- _WORK ORDER_
Every line below must be reproduced exactly; no pictures are to be included.
*** Begin section ***
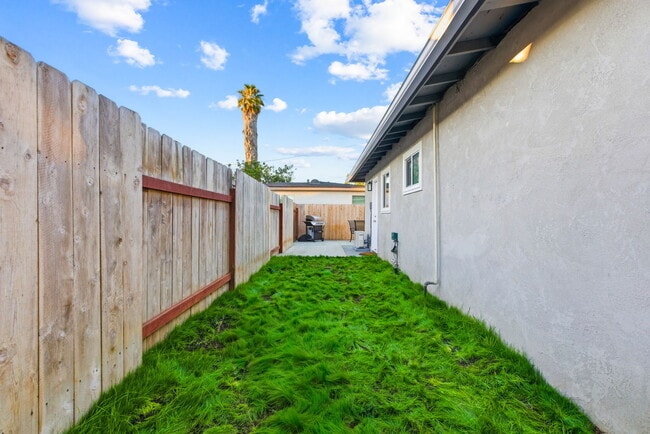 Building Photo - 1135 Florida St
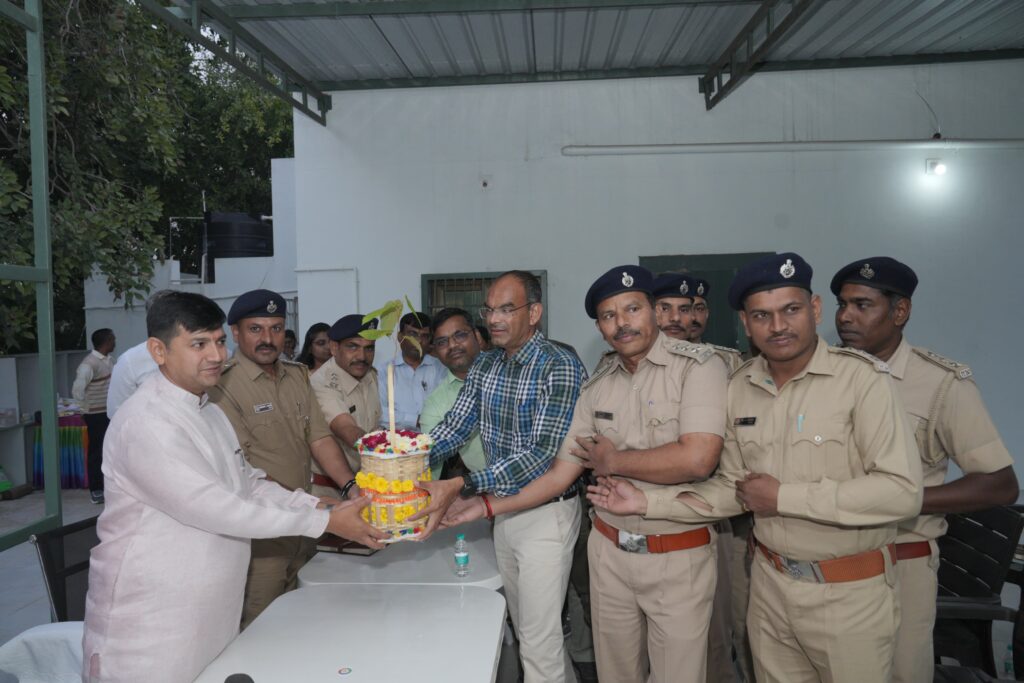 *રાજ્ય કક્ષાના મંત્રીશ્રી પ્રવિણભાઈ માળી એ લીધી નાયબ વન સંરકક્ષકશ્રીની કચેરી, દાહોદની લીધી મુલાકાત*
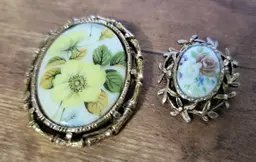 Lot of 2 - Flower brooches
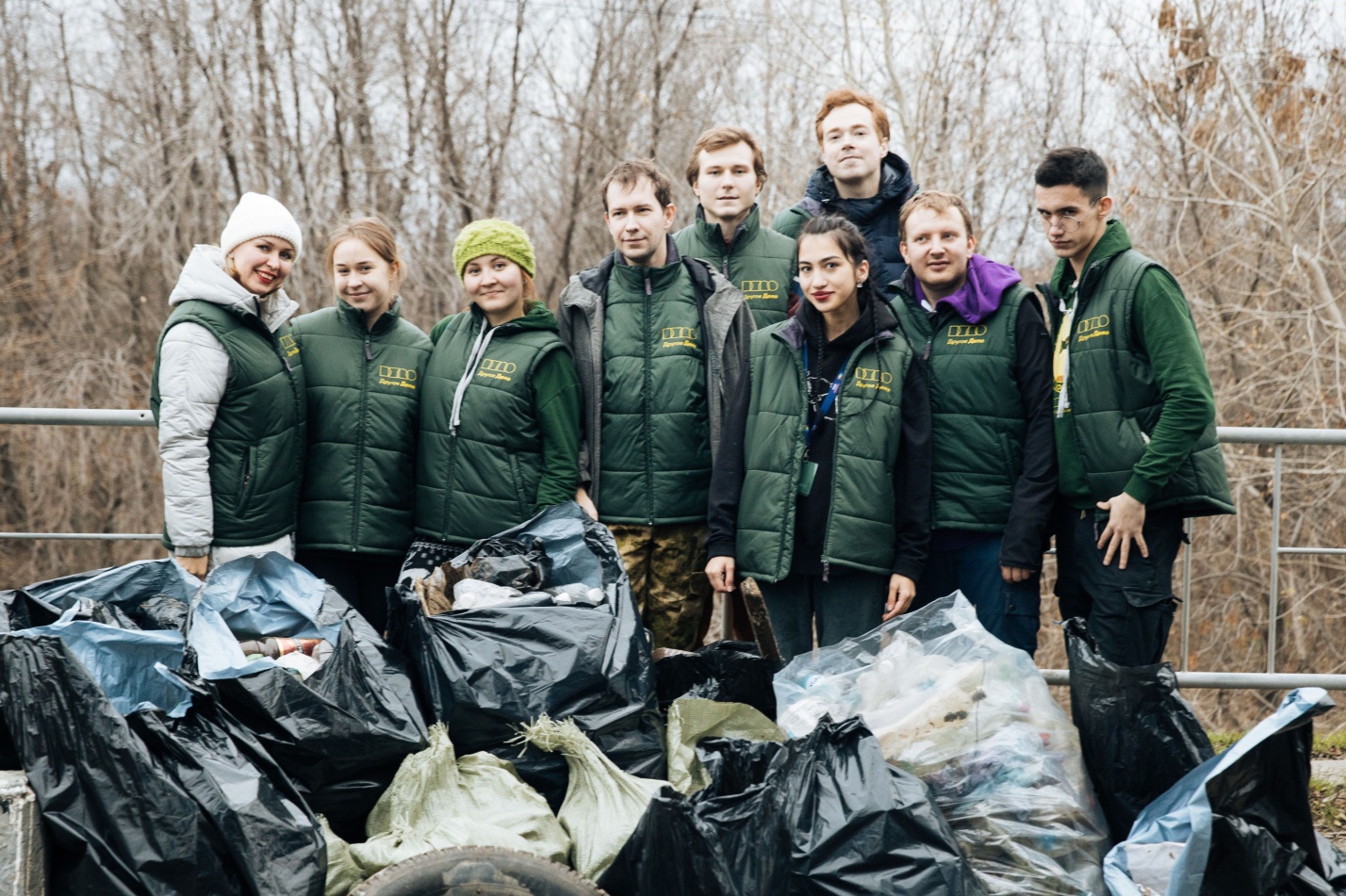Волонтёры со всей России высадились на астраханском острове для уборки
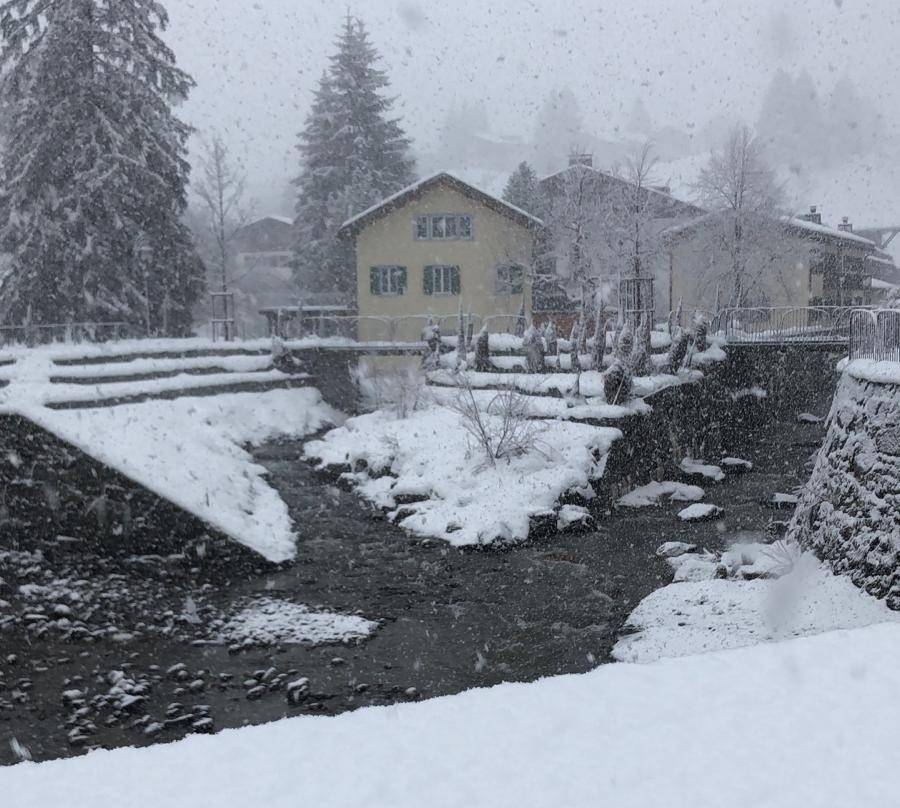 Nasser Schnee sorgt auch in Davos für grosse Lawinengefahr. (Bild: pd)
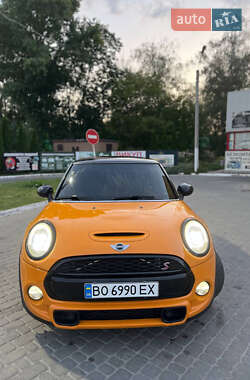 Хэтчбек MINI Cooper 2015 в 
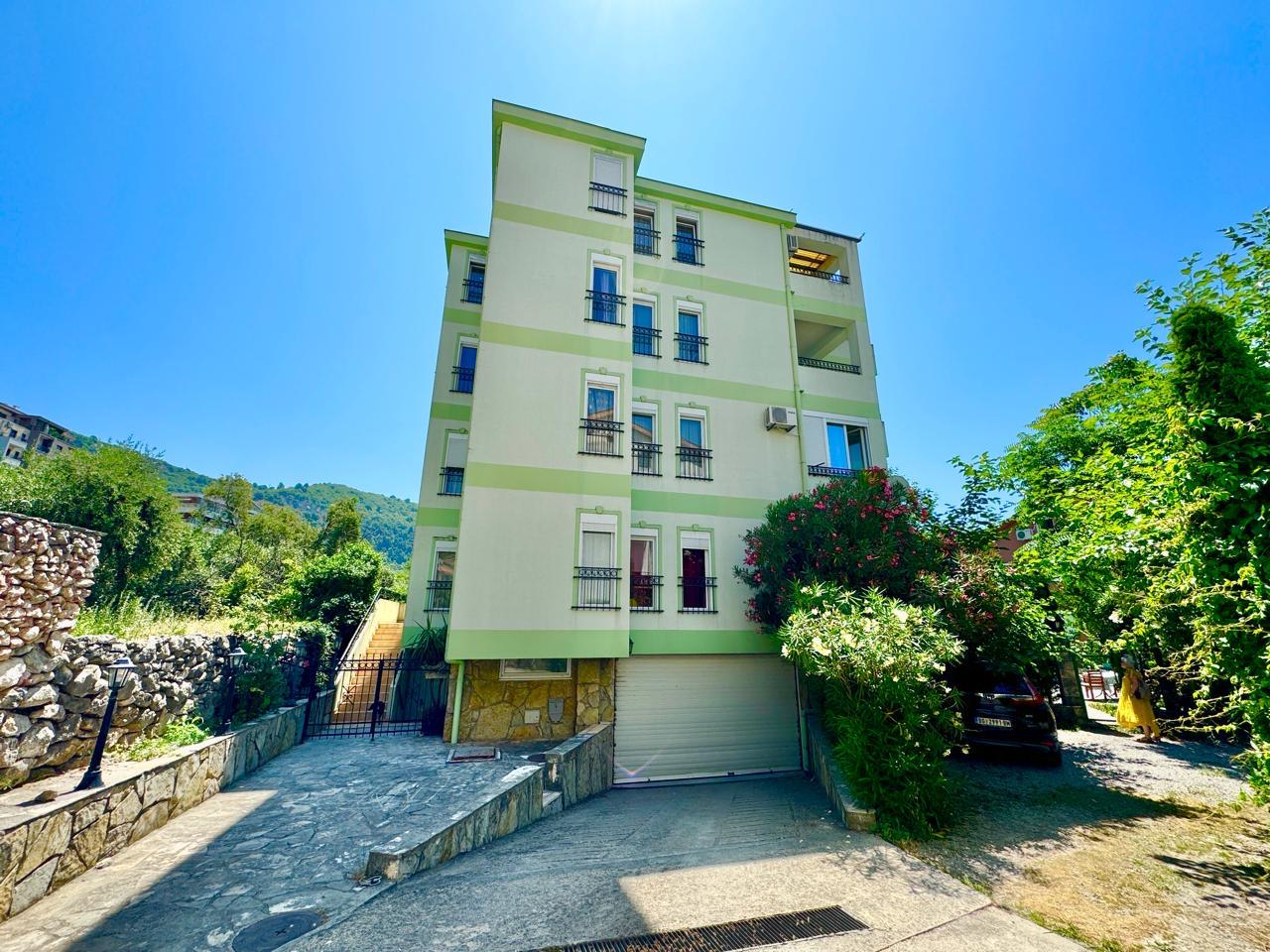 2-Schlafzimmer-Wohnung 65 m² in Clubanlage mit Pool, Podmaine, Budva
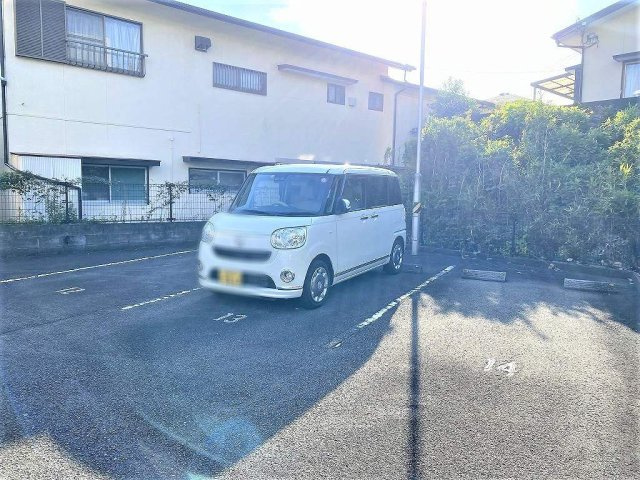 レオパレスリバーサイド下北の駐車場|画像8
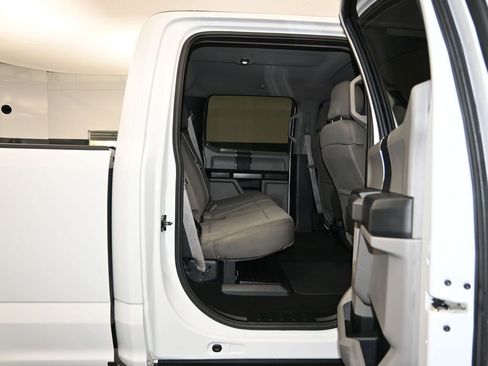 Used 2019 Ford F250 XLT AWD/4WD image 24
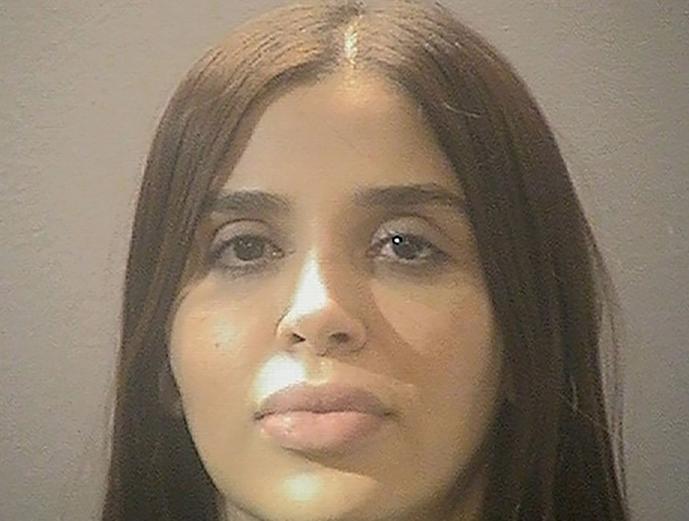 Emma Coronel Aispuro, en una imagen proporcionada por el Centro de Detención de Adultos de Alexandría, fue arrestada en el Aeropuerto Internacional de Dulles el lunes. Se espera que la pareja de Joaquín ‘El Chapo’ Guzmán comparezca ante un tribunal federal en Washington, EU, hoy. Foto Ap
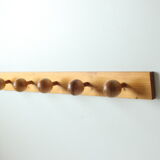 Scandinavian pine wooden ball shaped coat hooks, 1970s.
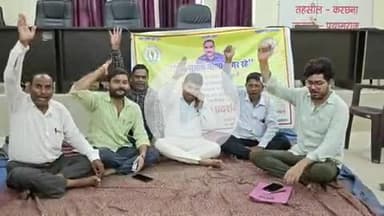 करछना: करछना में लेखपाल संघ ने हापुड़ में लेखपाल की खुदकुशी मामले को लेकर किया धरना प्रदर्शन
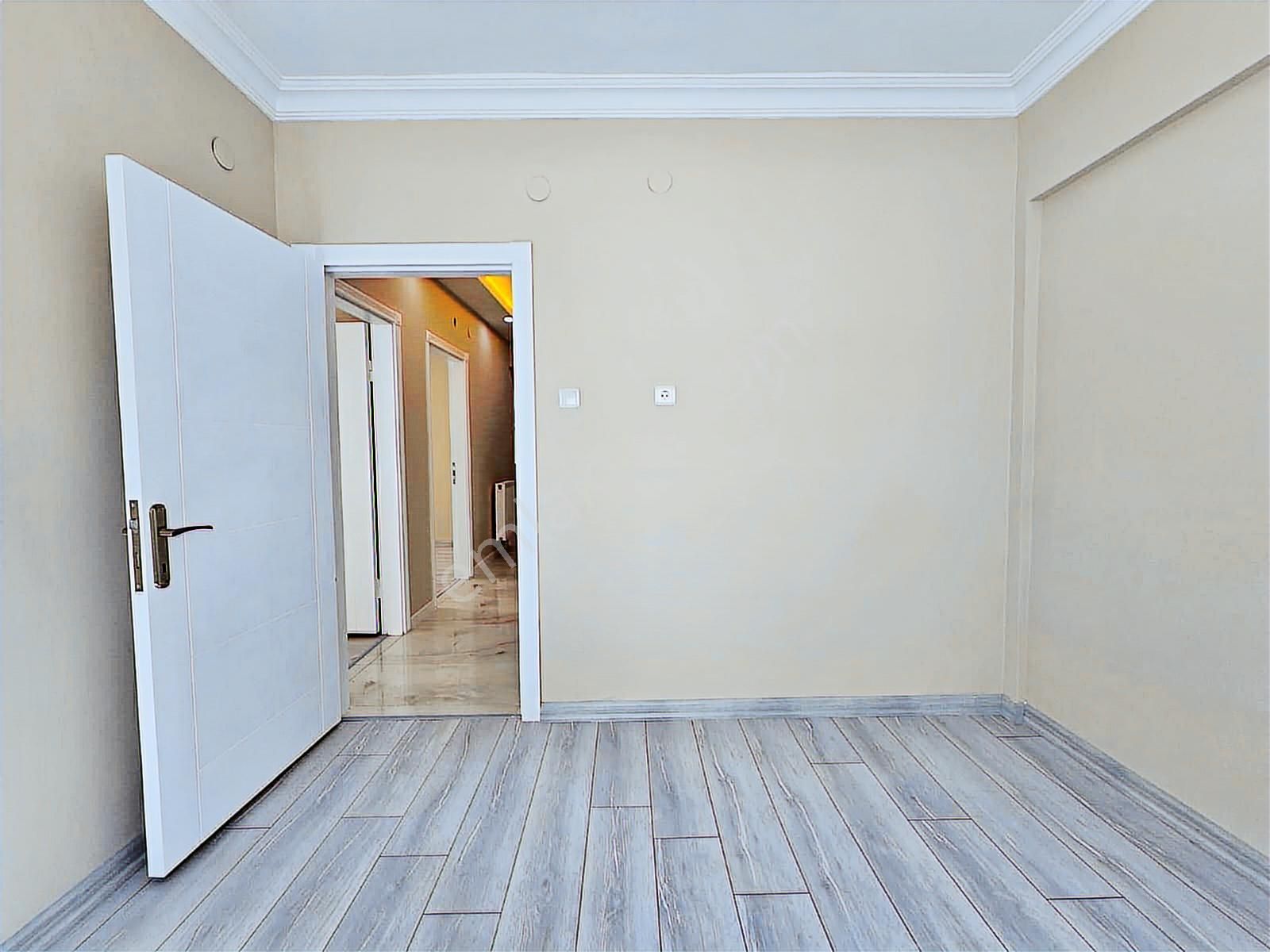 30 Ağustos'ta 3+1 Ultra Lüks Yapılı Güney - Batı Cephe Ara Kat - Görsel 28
*** End section ***
- _RESPONSE_
 Building Photo - 1135 Florida St
 *રાજ્ય કક્ષાના મંત્રીશ્રી પ્રવિણભાઈ માળી એ લીધી નાયબ વન સંરકક્ષકશ્રીની કચેરી, દાહોદની લીધી મુલાકાત*
 Lot of 2 - Flower brooches
Волонтёры со всей России высадились на астраханском острове для уборки
 Nasser Schnee sorgt auch in Davos für grosse Lawinengefahr. (Bild: pd)
 Хэтчбек MINI Cooper 2015 в 
 2-Schlafzimmer-Wohnung 65 m² in Clubanlage mit Pool, Podmaine, Budva
 レオパレスリバーサイド下北の駐車場|画像8
 Used 2019 Ford F250 XLT AWD/4WD image 24
 Emma Coronel Aispuro, en una imagen proporcionada por el Centro de Detención de Adultos de Alexandría, fue arrestada en el Aeropuerto Internacional de Dulles el lunes. Se espera que la pareja de Joaquín ‘El Chapo’ Guzmán comparezca ante un tribunal federal en Washington, EU, hoy. Foto Ap
 Scandinavian pine wooden ball shaped coat hooks, 1970s.
 करछना: करछना में लेखपाल संघ ने हापुड़ में लेखपाल की खुदकुशी मामले को लेकर किया धरना प्रदर्शन
 30 Ağustos'ta 3+1 Ultra Lüks Yapılı Güney - Batı Cephe Ara Kat - Görsel 28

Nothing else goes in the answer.